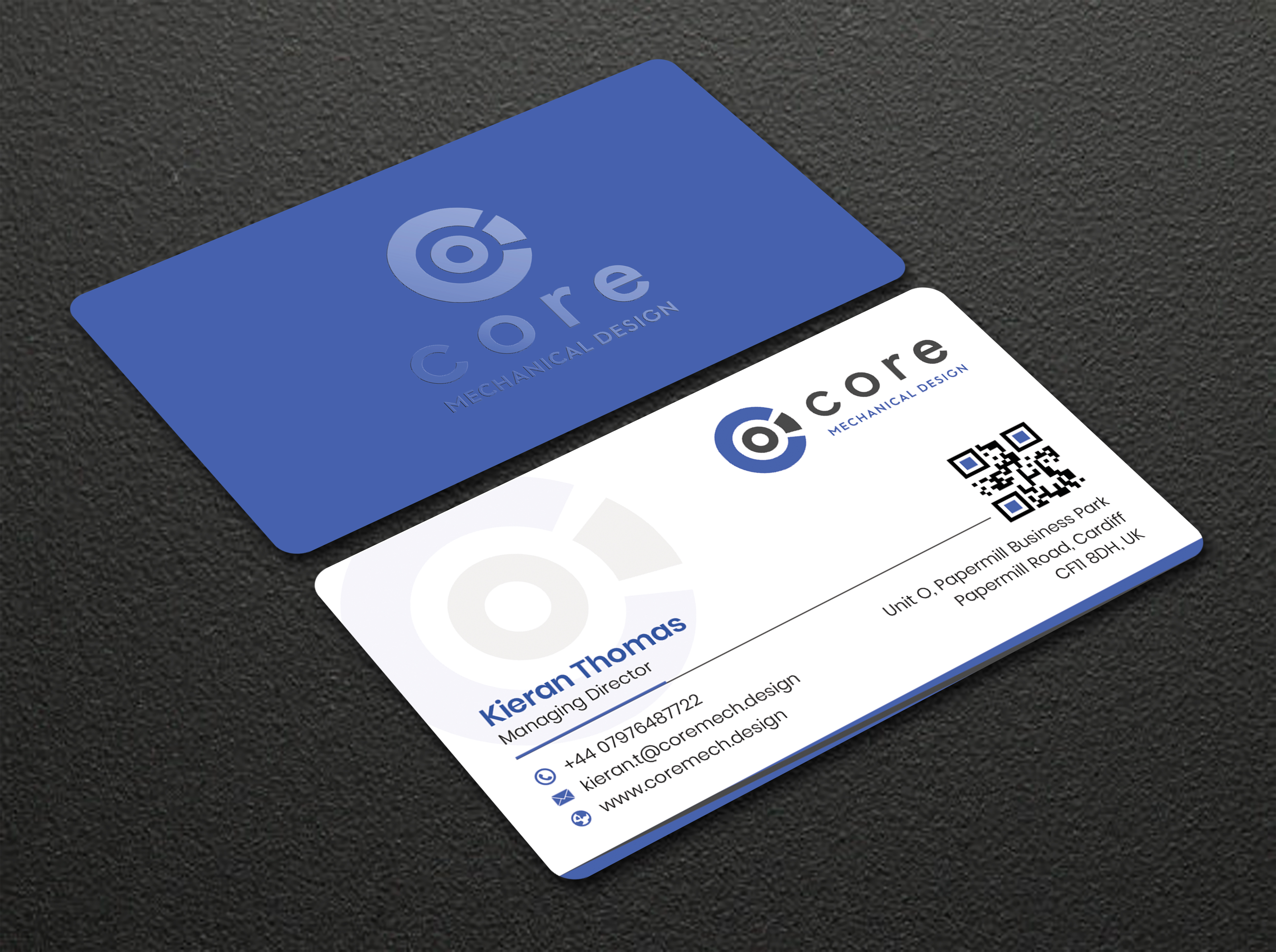 Design de Carte de Visite par Bold Pixels pour ce projet | Design #37731739
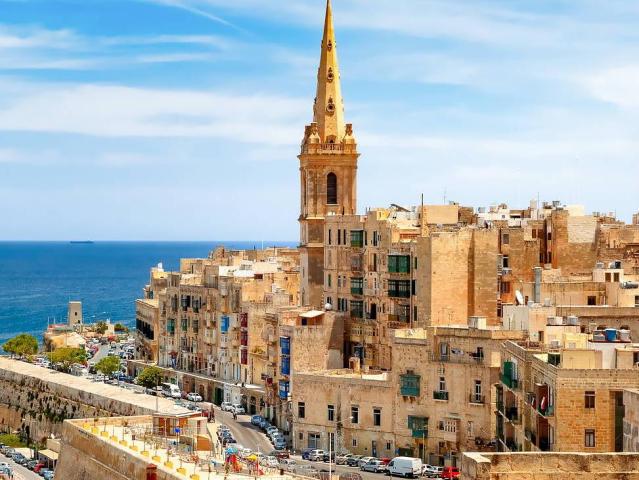 ﻿Sicílie a Malta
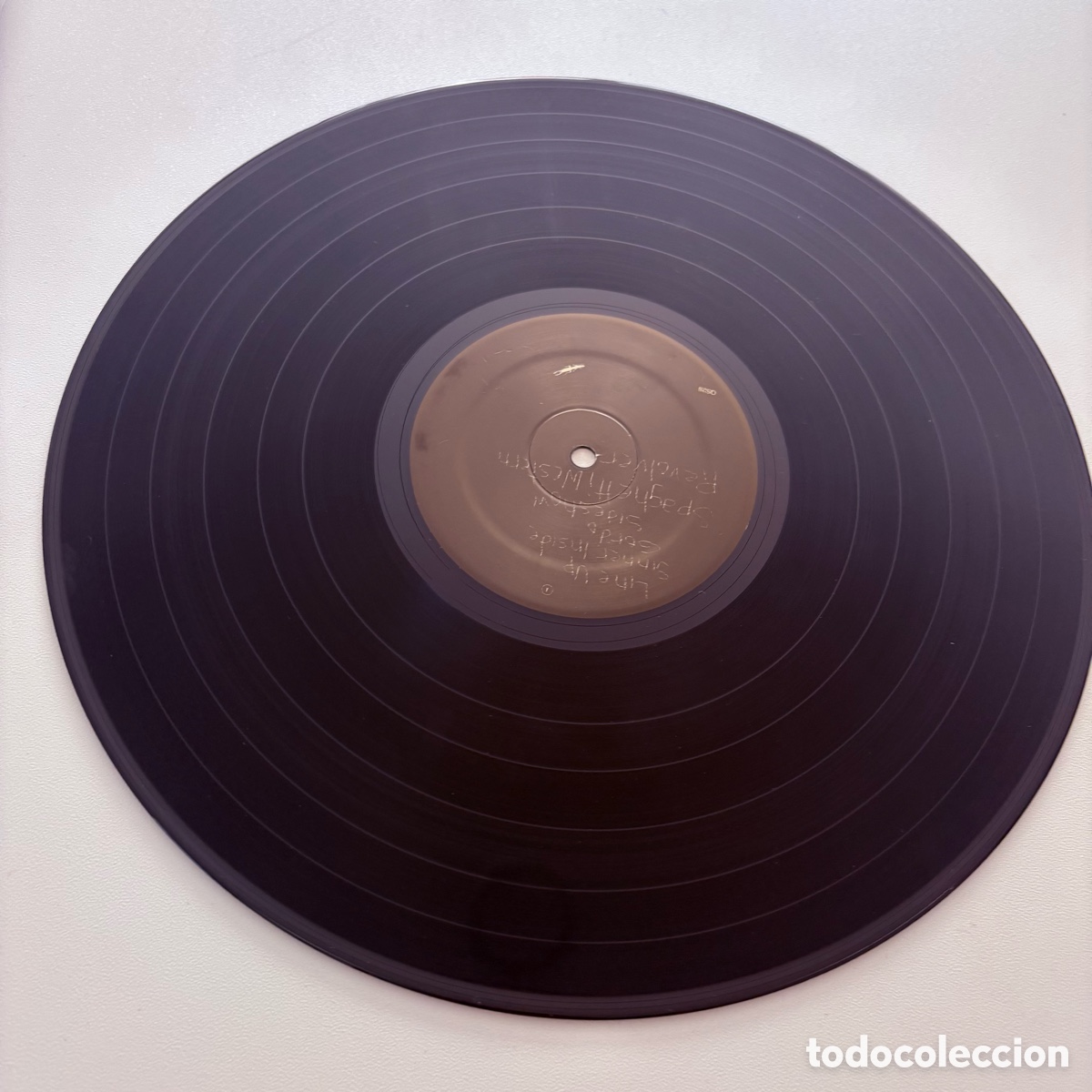 Discos de vinilo: lp Pegboy &ndash; Earwig de 1994 - Foto 5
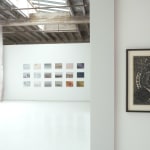 Installation view of UNTITLED MAY2, 1968 in exhibition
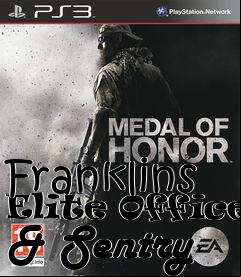 Box art for Franklins Elite Officer & Sentry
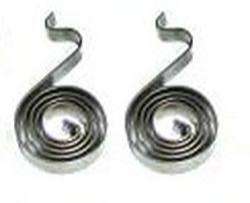 DIPRA RESORTE P/ESCOB - ARRANQUE FIAT 600/1100 2 UNID.  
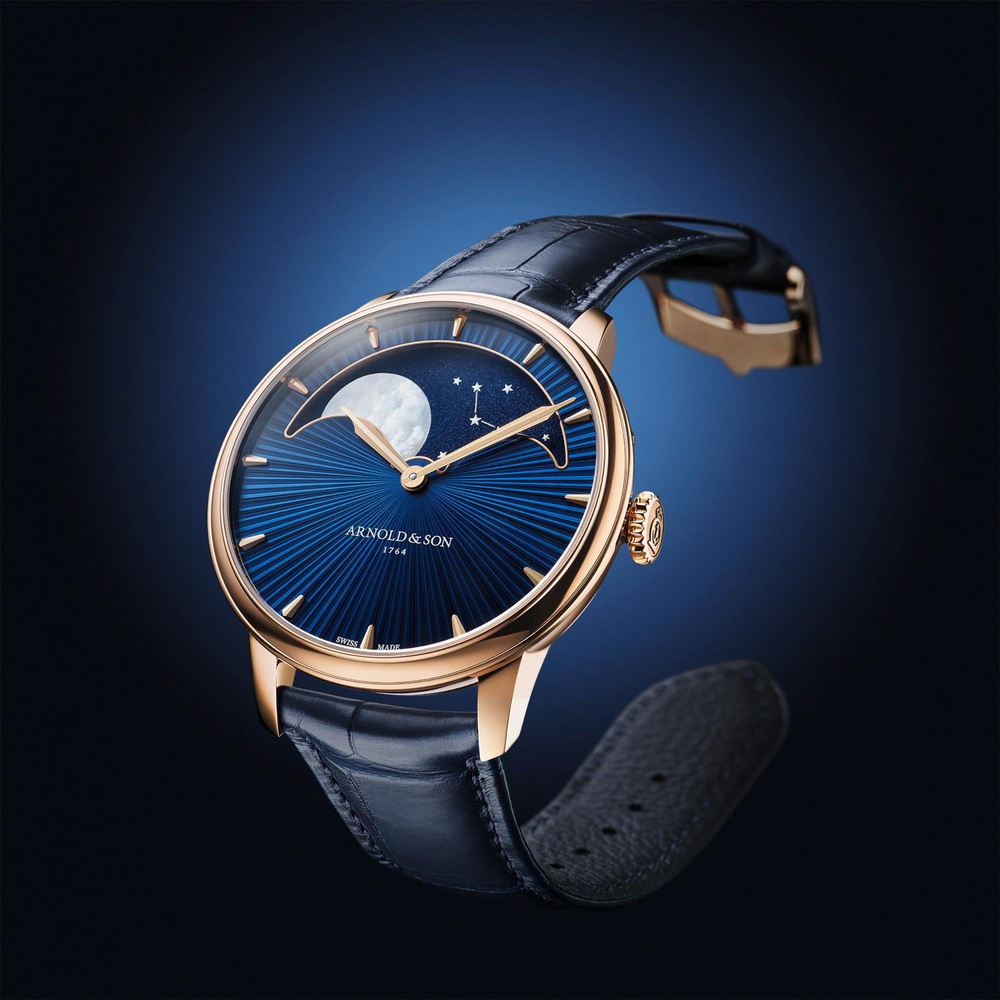 Arnold & Son Perpetual Moon 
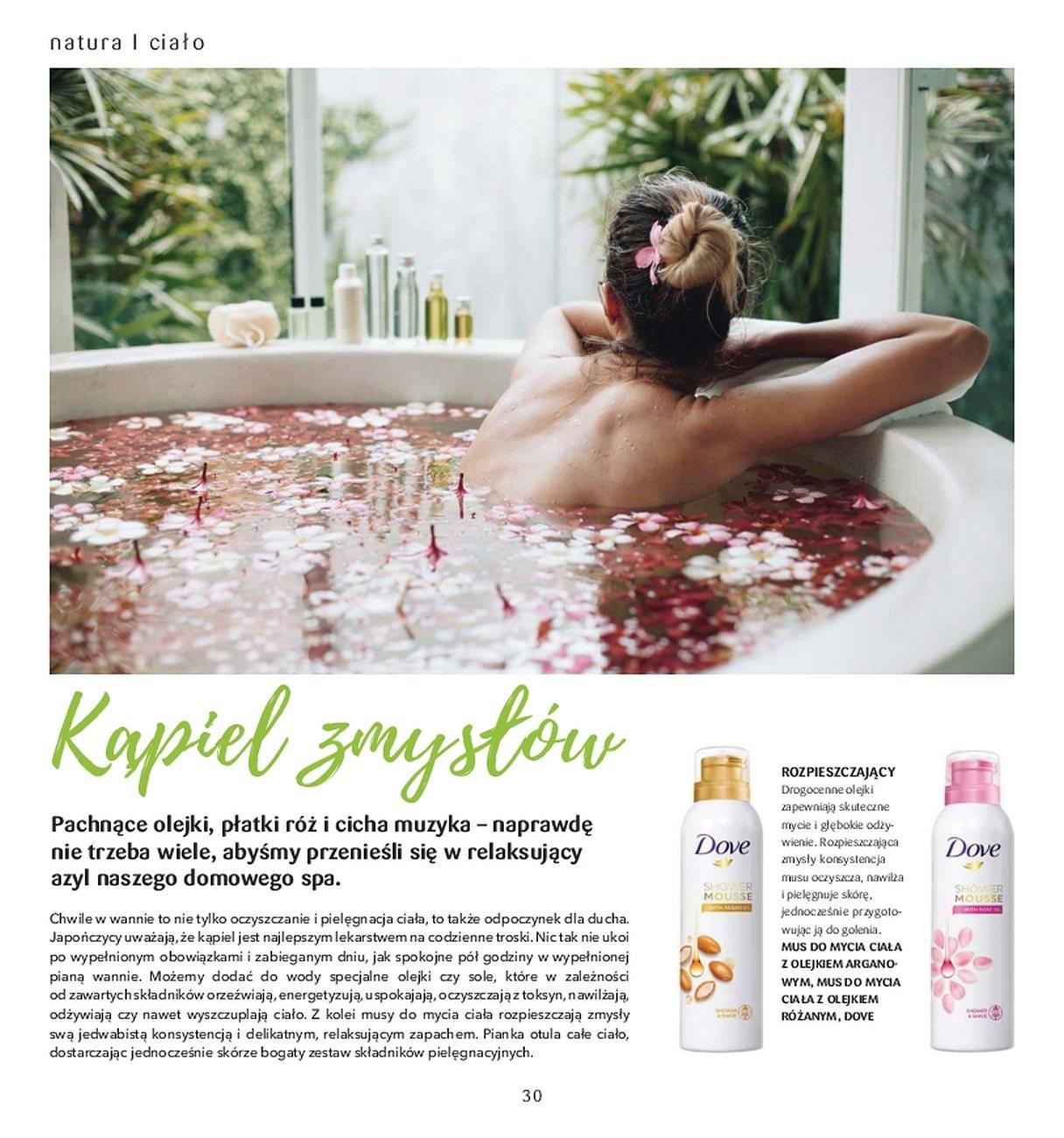 Gazetka promocyjna Drogerie Natura str. 30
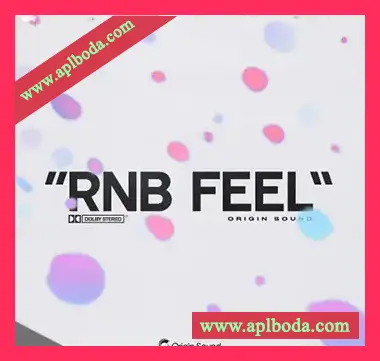 [RnB采样]Origin Sound RNB HEAT [WAV]（351Mb）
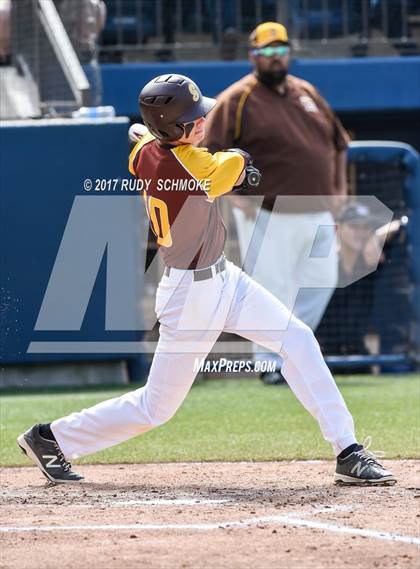 Thumbnail 1 in Brawley vs. Serra (CIF SDS Division 3 Final) photogallery.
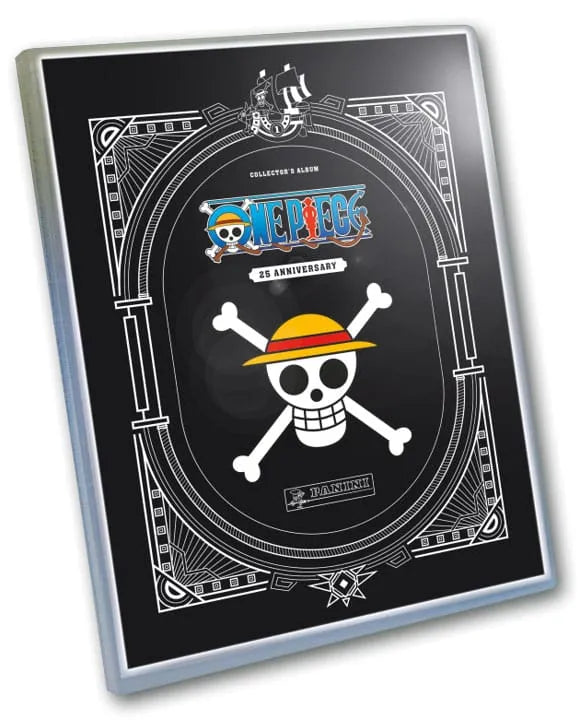 One Piece Sammelkarten Starterset 25th Anniversary *Deutsche Version* - Smalltinytoystore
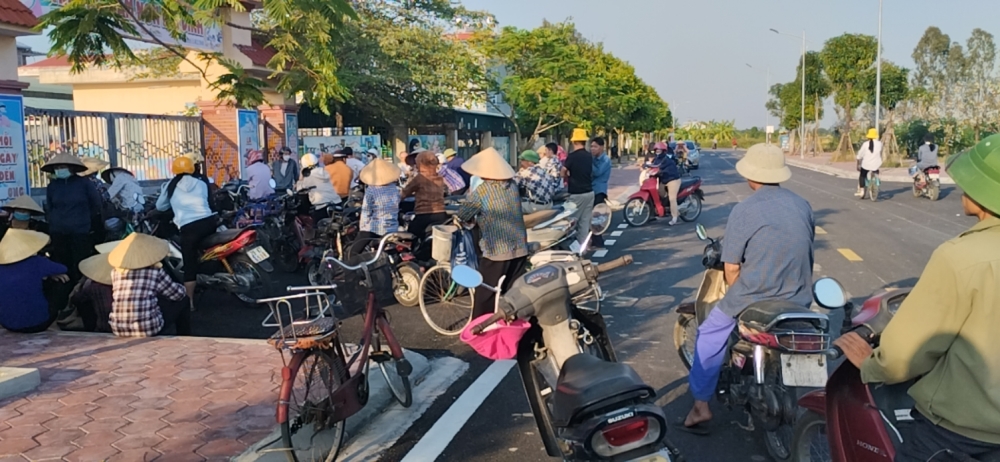 Yêu là phải nói, đói là phải ăn, có cơ hội là phải đầu tư ngay- cam kết lợi nhuận 10%/năm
==================================================
**Exercise:** Omitting all pictures, copy the preceding entries without any alteration.

**Written answer:**
 Design de Carte de Visite par Bold Pixels pour ce projet | Design #37731739
 ﻿Sicílie a Malta
 Discos de vinilo: lp Pegboy &ndash; Earwig de 1994 - Foto 5
 Installation view of UNTITLED MAY2, 1968 in exhibition
 Box art for Franklins Elite Officer & Sentry
 DIPRA RESORTE P/ESCOB - ARRANQUE FIAT 600/1100 2 UNID.  
 Arnold & Son Perpetual Moon 
 Gazetka promocyjna Drogerie Natura str. 30
 [RnB采样]Origin Sound RNB HEAT [WAV]（351Mb）
 Thumbnail 1 in Brawley vs. Serra (CIF SDS Division 3 Final) photogallery.
 One Piece Sammelkarten Starterset 25th Anniversary *Deutsche Version* - Smalltinytoystore
 Yêu là phải nói, đói là phải ăn, có cơ hội là phải đầu tư ngay- cam kết lợi nhuận 10%/năm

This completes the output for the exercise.